The method may be a computer-implemented method.
According to a third aspect, a computer-readable medium is provided containing instructions configured to, when executed by a processor or by an application installed on a mobile device, cause the processor or application to perform the method of the second aspect.
In a fourth aspect there is provided a method of using the aerosol-delivery (e.g. smoking substitute) system according to the first aspect, the method comprising engaging the consumable component with an aerosol-delivery (e.g. smoking substitute) device (as described above) having a power source so as to electrically connect the power source to the consumable component (i.e. to the vaporiser of the consumable component).
The invention includes the combination of the aspects and preferred features described except where such a combination is clearly impermissible or expressly avoided.

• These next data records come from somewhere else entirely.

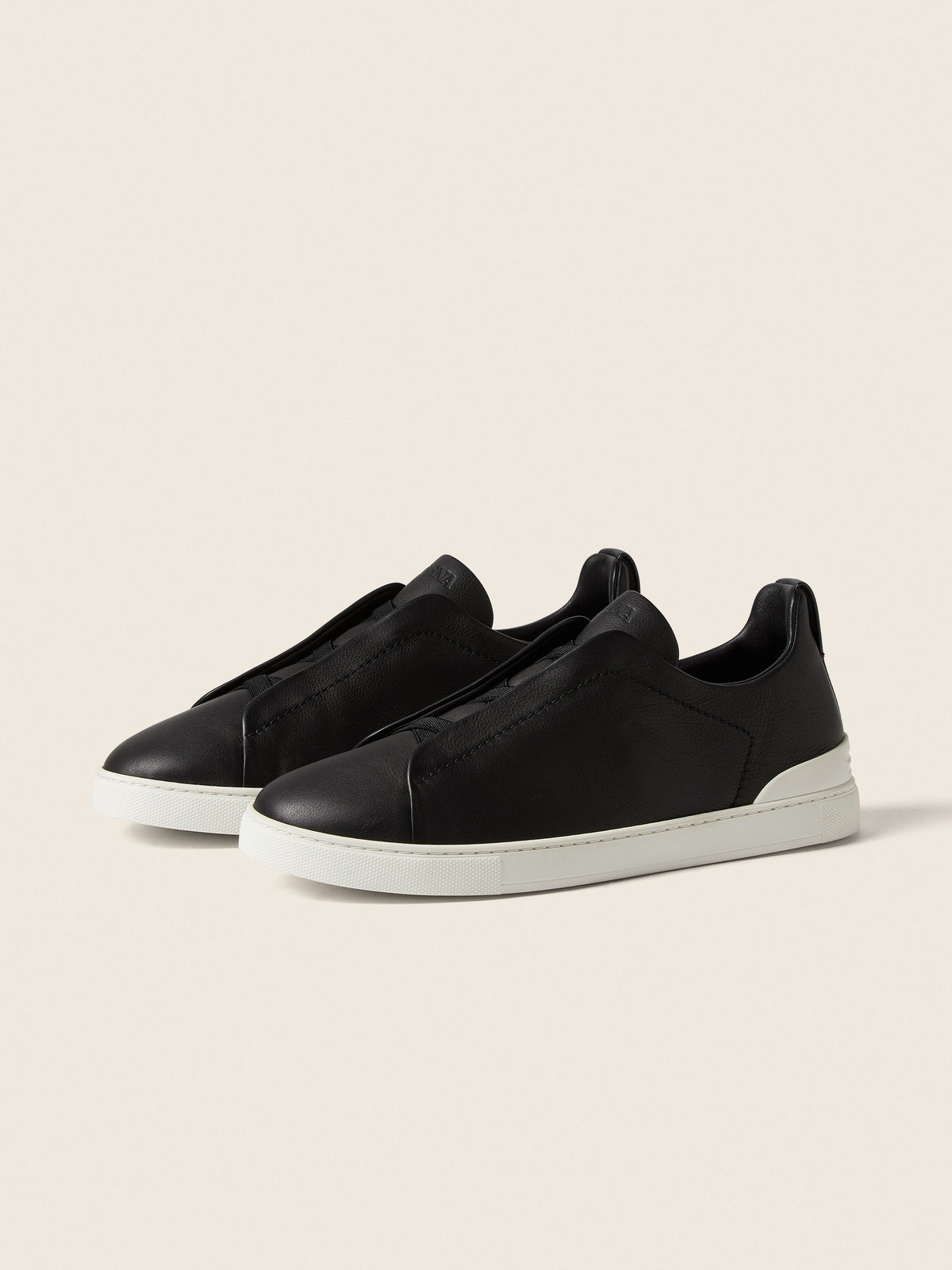 Zegna Triple Stitch Preto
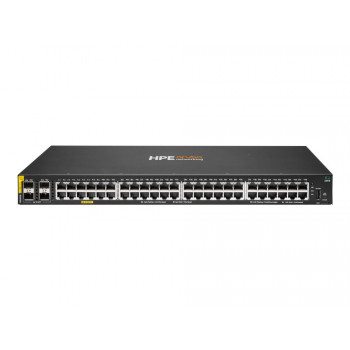 HPE R8N85B Aruba Networking CX 6000 komutators 48p CL4 PoE 4p SFP 1G 370W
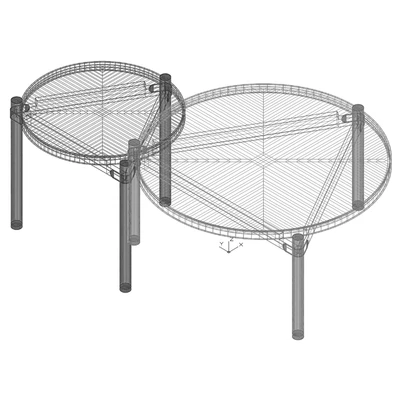 Frato TUFI Outdoor Coffee Table — Ver 5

BRIEF DESCRIPTION OF THE DRAWINGS

So that further aspects and features thereof may be appreciated, embodiments will now be discussed in further detail with reference to the accompanying figures, in which:

Fig. 1A is a front schematic view of a smoking substitute system;
Fig. 1B is a front schematic view of a device of the system;
Fig. 1C is a front schematic view of a component of the system;
Fig. 2A is a schematic of the electrical components of the device;
Fig. 2B is a schematic of the parts of the component;
Fig. 3 is a further schematic of the component having a filter;
Fig. 4 is schematic of the device having a filter.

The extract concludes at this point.